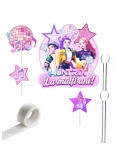 Topper carton La multi ani! eticheta Huntrix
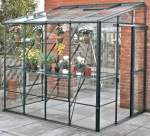 Aluminium Lean To Greenhouse 431 - Toughened Glass Aluminium Lean To Greenhouse 431 - Toughened Glass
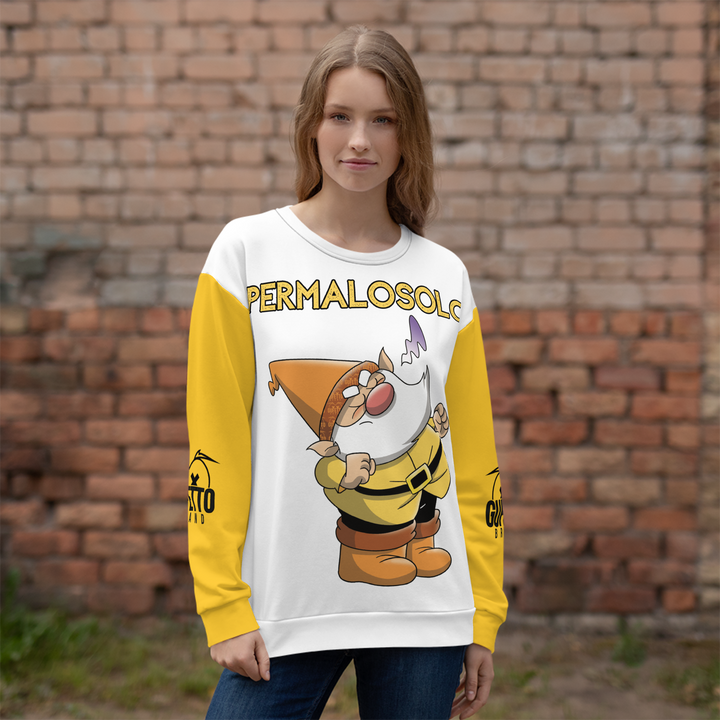 Felpa unisex Uomo/Donna PERMALOSOLO - Gufetto Brand 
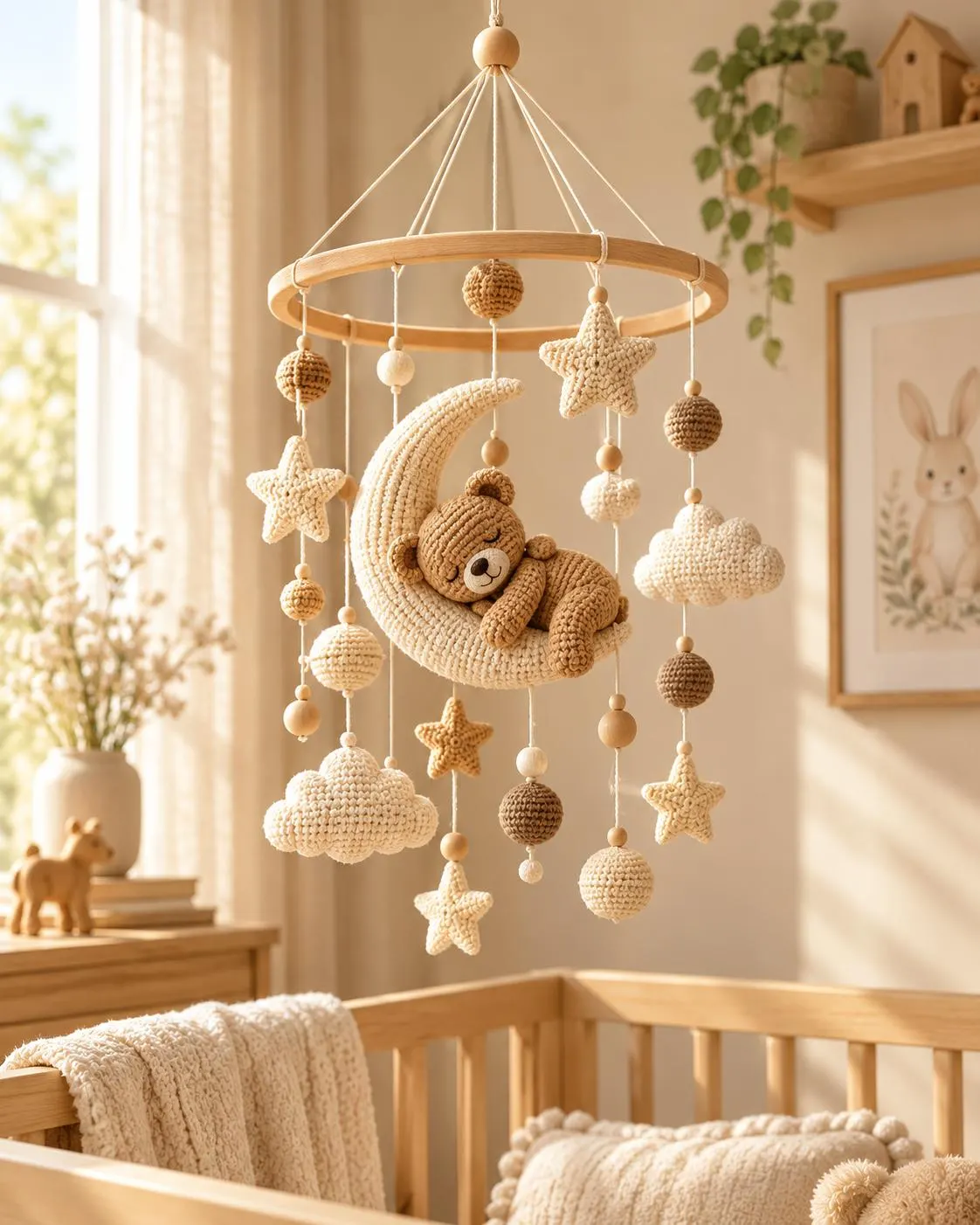 Crochet Baby Mobile Patterns Bundle PDF, 5 Nursery & Halloween Amigurumi Designs - photo 4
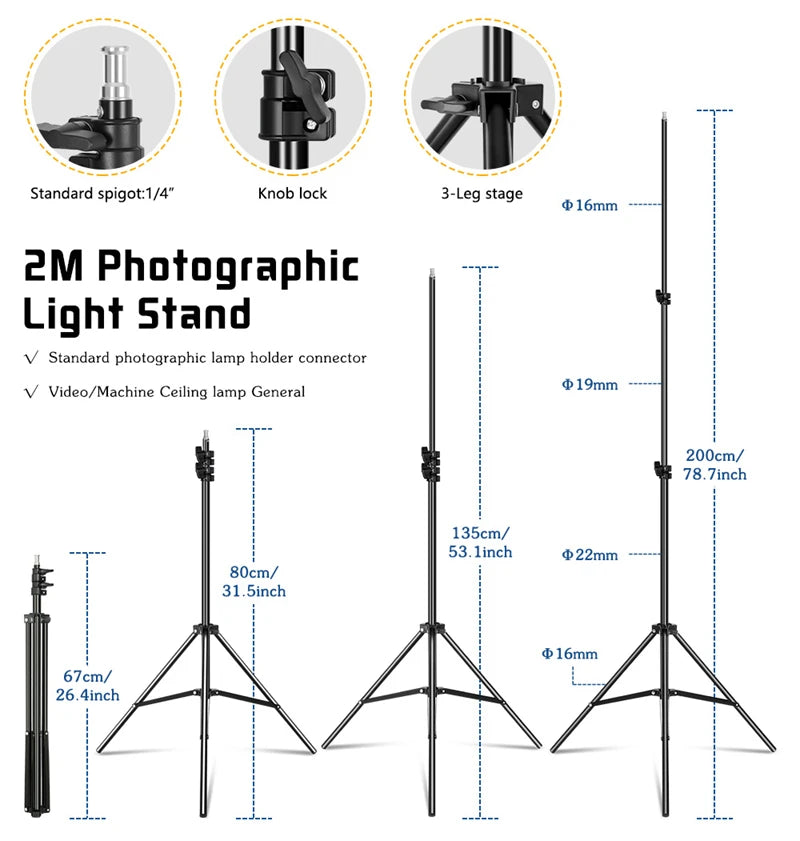 Softbox 50x70CM Photography Four Lamp Holders Lighting Kit With Photographic Tripod And Portable Bag For Photo Studio Shooting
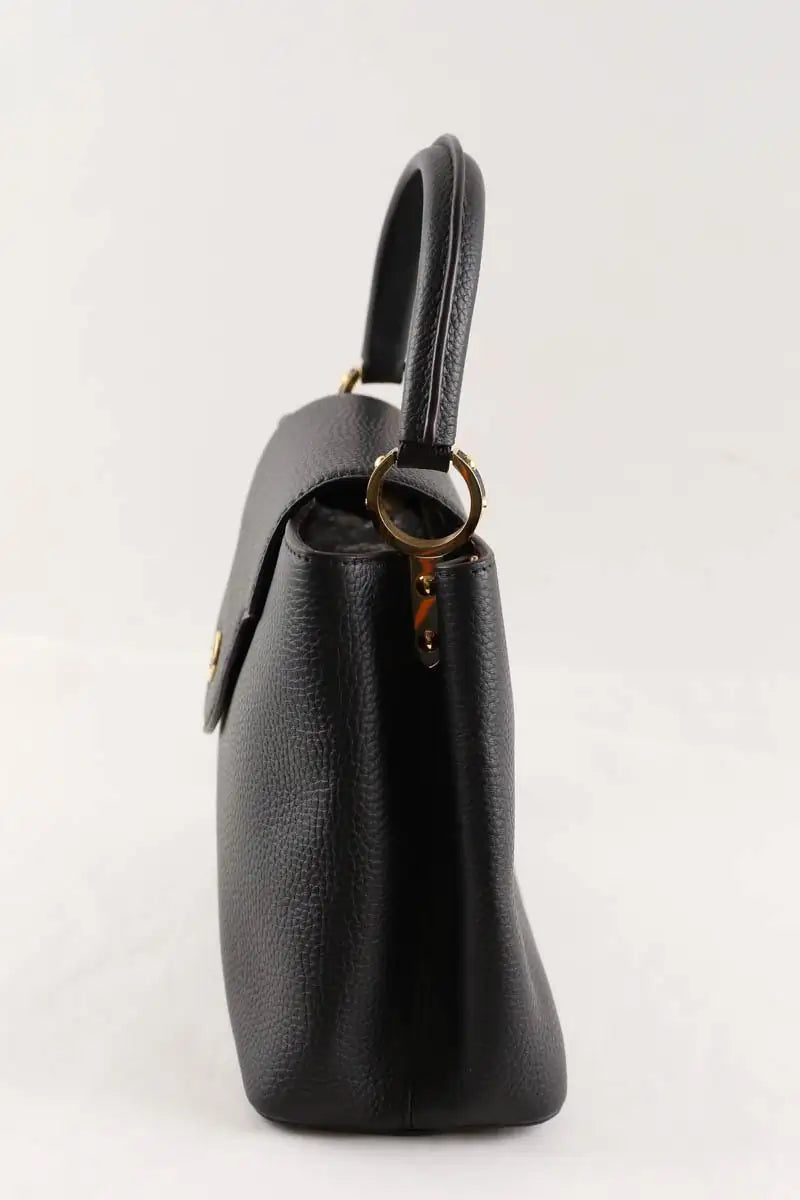 Sac à main Louis Vuitton Capucines Noir en Cuir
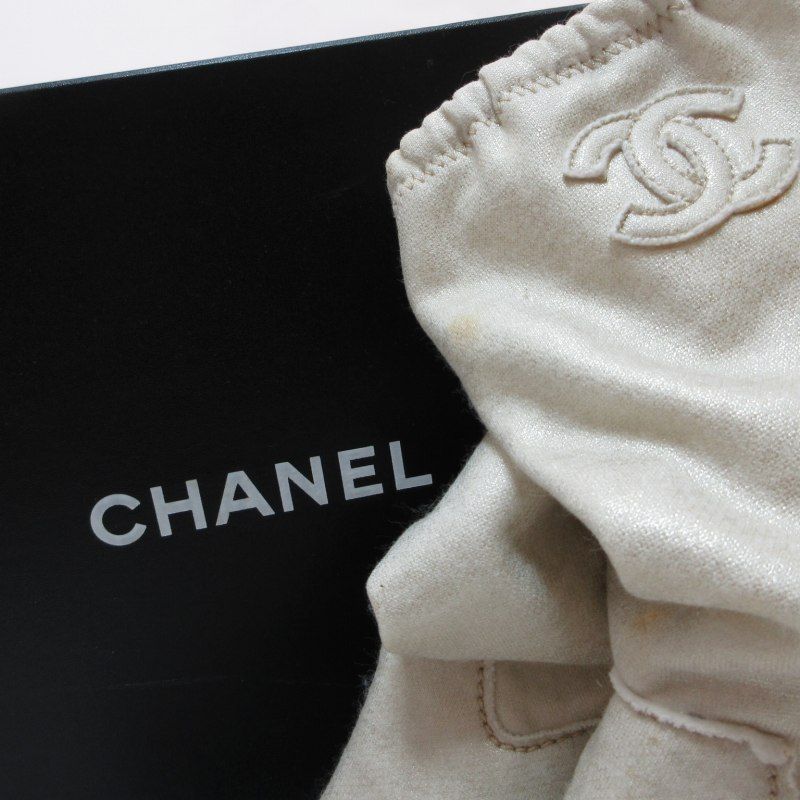 シャネル CHANEL 08C ニットブーツ ショートブーツ シューズ ココ 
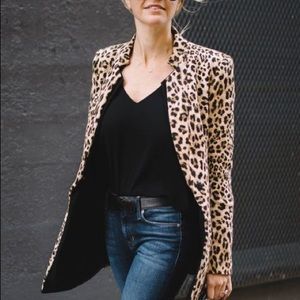 Zara Leopard Blazer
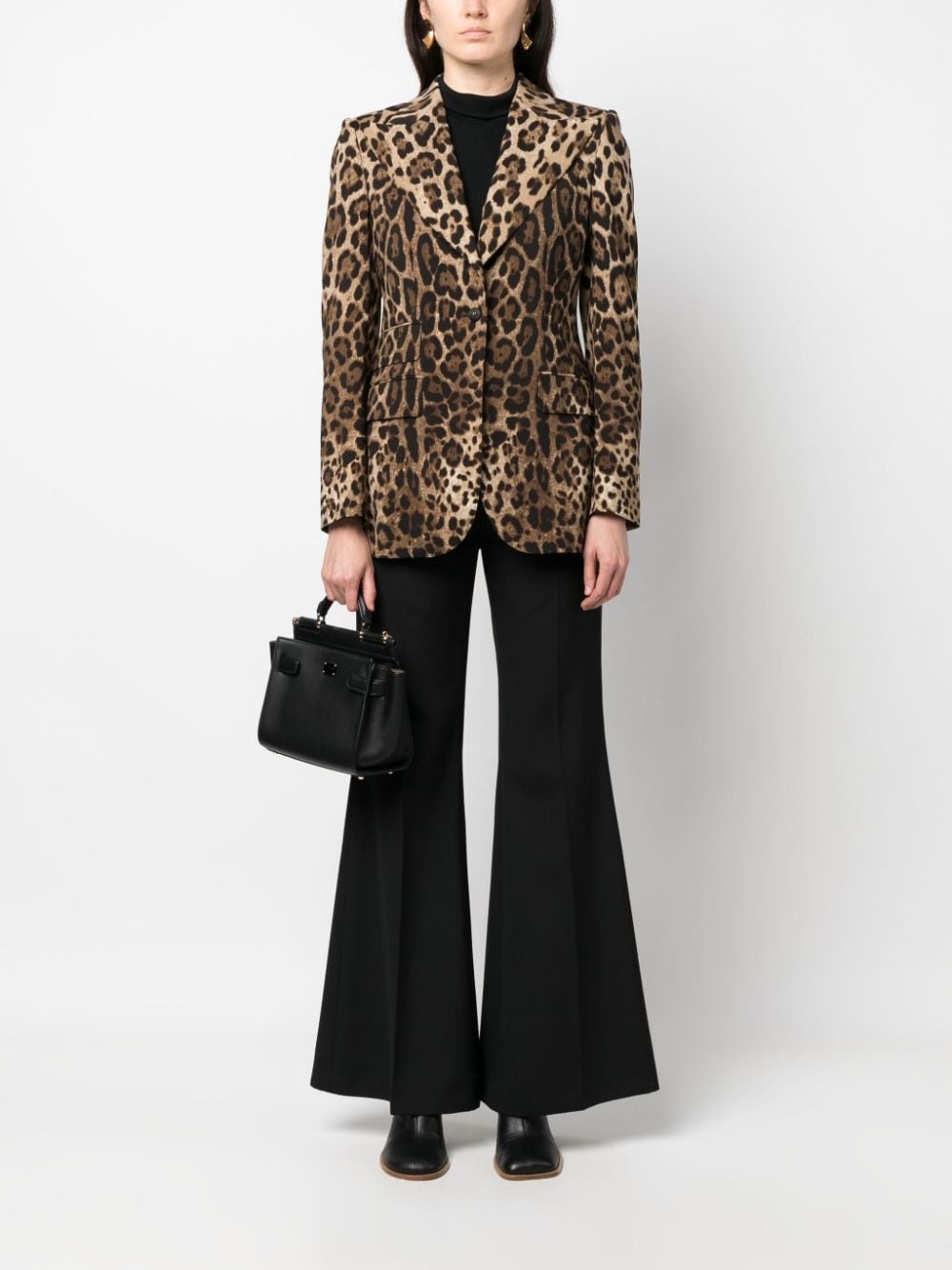 leopard-print single-breasted blazer - 2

________________

Your goal: Repeat the records above exactly. No pictures go into the repeat.

Exercise output:
 Topper carton La multi ani! eticheta Huntrix
 Aluminium Lean To Greenhouse 431 - Toughened Glass Aluminium Lean To Greenhouse 431 - Toughened Glass
 Felpa unisex Uomo/Donna PERMALOSOLO - Gufetto Brand 
 Crochet Baby Mobile Patterns Bundle PDF, 5 Nursery & Halloween Amigurumi Designs - photo 4
 Softbox 50x70CM Photography Four Lamp Holders Lighting Kit With Photographic Tripod And Portable Bag For Photo Studio Shooting
 Sac à main Louis Vuitton Capucines Noir en Cuir
 シャネル CHANEL 08C ニットブーツ ショートブーツ シューズ ココ 
 Zara Leopard Blazer
 leopard-print single-breasted blazer - 2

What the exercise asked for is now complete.